Persaingan Dimulai

514 28 2
                                    

Jaehyuk tak mengerti. Dan meski diberi waktu 10 tahun lagi untuk berpikir pun ia tetap tidak akan mengerti dengan apa yang terjadi pada semua anggota keluarganya. Bisa - bisanya, tak ada satu pun di antara mereka yang datang saat sosok Park Jinhwan, sang nyonya besar keluarga Park telah mengakhiri perjuangannya melawan kerasnya sakit yang hampir setahun ke belakang telah menggerogoti tubuhnya.

Jaehyuk mencoba untuk paham, meskipun pada akhirnya ia tetap tak paham. Mengapa Ayah dan dua adiknya yang telah 20 tahun lebih menjadi satu-satunya yang hidup dan mengenal sosok Park Jinhwan bahkan hati nuraninya tak bergerak sedikit pun untuk sekedar mengantar atau membuat upacara pemakaman sebagai penghormatan terakhir pada sang nyonya besar keluarga Park.

Jaehyuk tak menyangka, bahwa selama ini ia telah hidup diantara orang-orang berhati batu yang hanya memikirkan diri sendiri dan seberapa banyak harta yang mereka miliki. Orang-orang yang selalu mengatakan tak memiliki waktu untuk sekedar menjenguk sang Eomma kala wanita paruh baya itu tengah terbaring sakit.

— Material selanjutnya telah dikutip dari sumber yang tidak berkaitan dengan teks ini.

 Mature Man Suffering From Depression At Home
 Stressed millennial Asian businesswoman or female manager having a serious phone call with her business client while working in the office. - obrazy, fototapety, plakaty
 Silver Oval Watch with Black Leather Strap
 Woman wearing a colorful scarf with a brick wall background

Dan sekarang, saat sang Eomma telah tiada, alih-alih menyebarkan informasi dan membuat upacara pemakaman yang layak, Sang Ayah justru lebih memilih untuk menganggap yang terjadi hari ini adalah bias belaka.

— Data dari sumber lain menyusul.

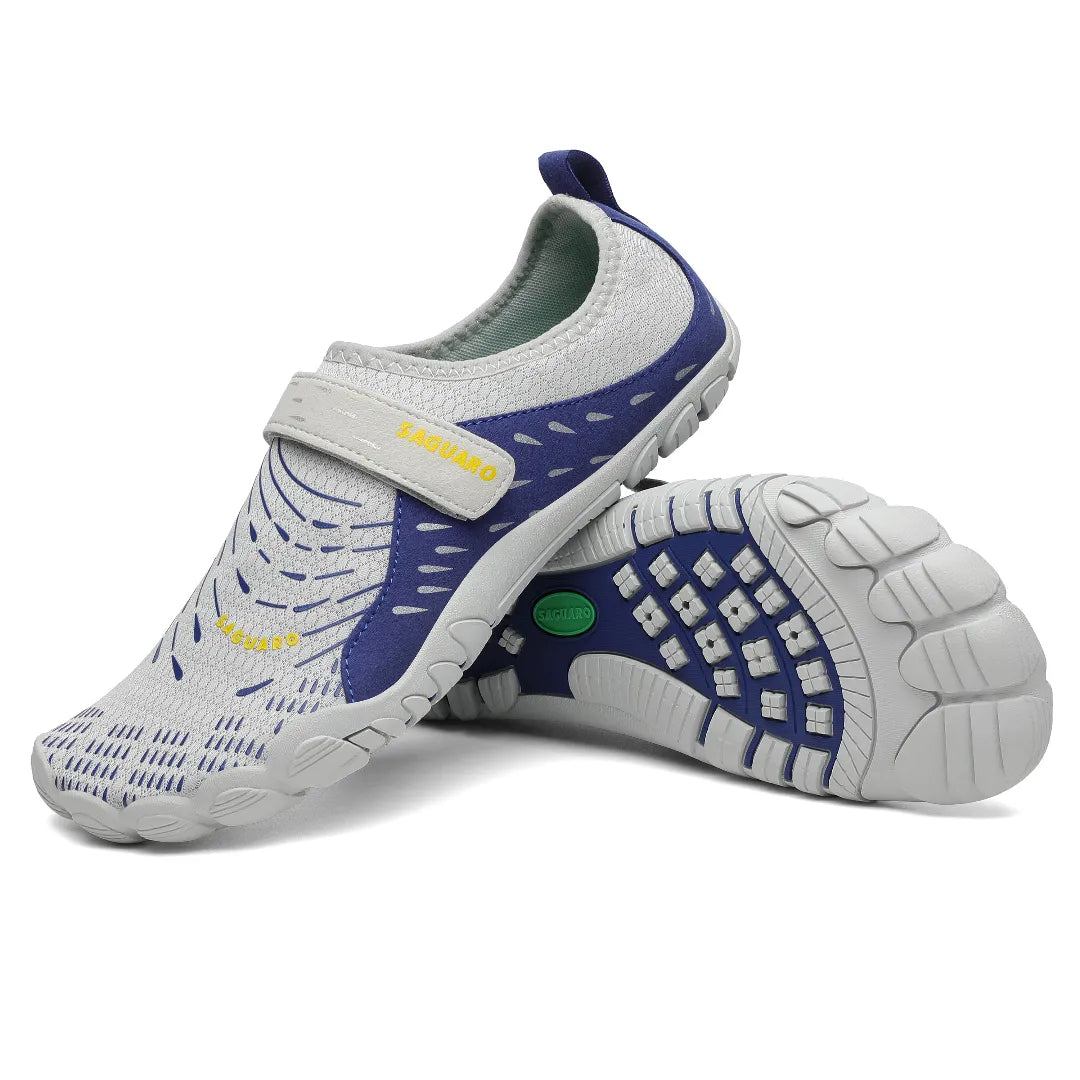 Suela negra con orificios de drenaje y agarre para superficies mojadas.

"Sudah benar, akan lebih baik kau kembali pada tuhan dibandingkan kau harus hidup diantara orang-orang tak berhati. Selamat jalan Eomma, semoga kau tenang." lirih Jaehyuk sembari mengepalkan kedua tangannya. Marah, sedih, dan kecewa. Semua bercampur aduk menjadi satu di dadanya.

Di sini, di ruang penyimpanan abu jenazah rumah sakit Yonsen, hanya ada dirinya yang berdiri dengan setangkai bunga lili putih. Bunga favorit seorang Park Jinhwan. Dengan perlahan, Jaehyuk meletakkan bunga itu di depan guci abu sang Eomma. Jaehyuk memejamkan matanya sejenak. Ada sebersit harapan bahwa sang Ayah dan kedua adiknya akan menyusulnya kemari setelah semalam ia memberi kabar dimana sang Eomma akan di semayamkan.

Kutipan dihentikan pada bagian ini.